Hello,
Up until last week, if you asked ten lawyers whether Ethereum was a security or a commodity, you’d get twelve different answers and a bill for $50,000. That’s been the reality of building anything in crypto in the United States. There were no clear rules because the regulator refused to establish them and later sued for non-compliance, citing an after-the-fact interpretation.
The SEC under Gensler brought 88 enforcement actions against crypto projects, and 92% of those were for registration violations, meaning companies were punished for failing to register under a framework the agency never clearly defined. It was absurd; everyone in the industry knew it was absurd, but no one could do anything about it because the alternative would mean leaving the country.
But that changed last Wednesday when the Senate Banking Committee voted 15-9 to advance the CLARITY Act. Elizabeth Warren called it a bill that “blows a hole in securities law since 1929.” She’s half right. The bill was shaped with heavy industry input. But the hole it blows should have been blown years ago.
What does the CLARITY Act actually do? It gives the security-or-commodity question an answer backed by a real test. By default, every token starts as a security. The moment you raise money by selling tokens and promise to build something with that capital, that’s an investment contract under Howey, and you fall under the SEC. That much hasn’t changed; it’s been the case since crypto fundraising began.
What’s new is that there’s now a way out. The bill introduces what it calls the “mature blockchain” test. If your chain is open-source, runs on pre-established, transparent rules, and no single person or group controls more than 20% of the token supply, you can go to the SEC and say, We’re decentralised enough; review us. If they don’t push back within 60 days, your token is reclassified as a digital commodity, and regulatory authority changes from the SEC to the CFTC.
This shift from the SEC to the CFTC matters greatly because the two agencies operate in completely different ways. The SEC treats tokens like stocks, which means full registration, detailed disclosures, and continuous reporting obligations. The CFTC treats them like commodities, such as oil or wheat, with lighter oversight and lower costs, and its main job is to make sure markets run fairly rather than to decide who gets to participate in them. For any project that passes the decentralisation test, the day-to-day cost of being a regulated entity drops significantly.

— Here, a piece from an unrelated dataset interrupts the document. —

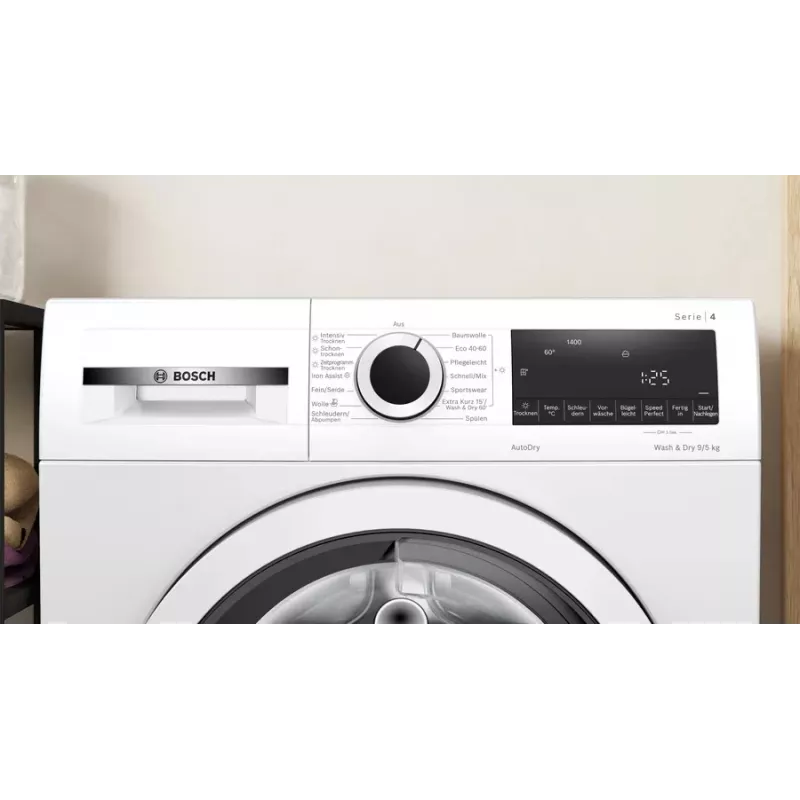 Bosch Serie 4 WNA13441 práčka so sušičkou voľne stojaca predné plnenie biela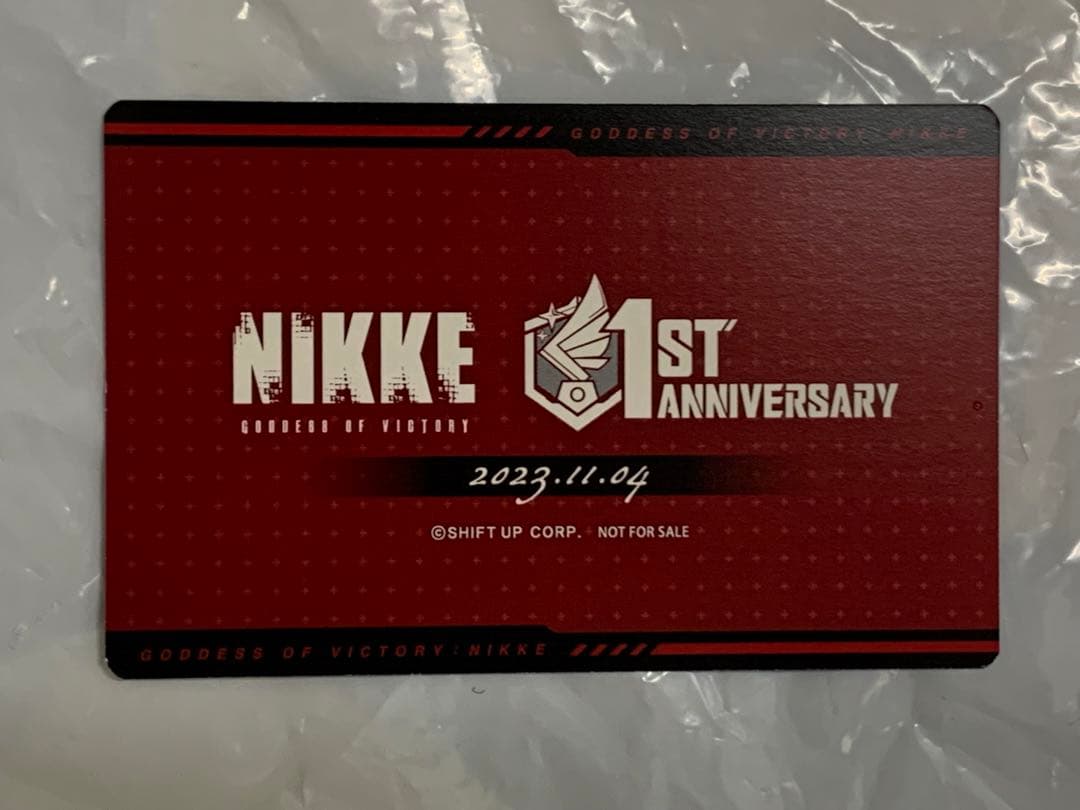 新品未使用 1周年限定カード NIKKE ニケ①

You get four years to get there. You can file a notice with the SEC saying your blockchain intends to reach maturity within that window. As long as you’re making progress, you operate under a temporary exemption. But if you hit the four-year mark and you’re still not decentralised enough, the exemption goes away, and you’re back under full securities law with even stricter disclosure requirements than you started with.
If you pair this with the GENIUS Act for stablecoins, which became law last year, you will see that, for the first time, the United States has a complete regulatory framework for digital assets. Stablecoins have clear rules about reserves, licensing, and who can issue them. Tokens now have a concrete test that determines whether they fall under the SEC or the CFTC, and that test includes a specific threshold: 20%. But what does it mean for existing and new projects with a token? That’s where it gets interesting.
The Impossibility of Grassroots Launches
The biggest crypto assets will have no trouble with this test. Bitcoin has no single entity with anywhere near 20% ownership and has been treated as a commodity for years. Ethereum runs on over 1.07 million validators after the Merge and has the most distributed infrastructure of any smart contract platform.
The SEC and CFTC’s joint interpretive release from March 2026 already identified 18 tokens as digital commodities, including Bitcoin, Ethereum, Solana, XRP, Cardano, Chainlink, and Avalanche. If you hold any of these, you can breathe easy knowing the regulatory question is answered, and your token sits on the commodity side of the line.
The problem starts when you look past those 18 names in that list. Take Solana, it made the commodity list, but it sits in a grey area. It got there through an interpretive release, which is a regulatory opinion.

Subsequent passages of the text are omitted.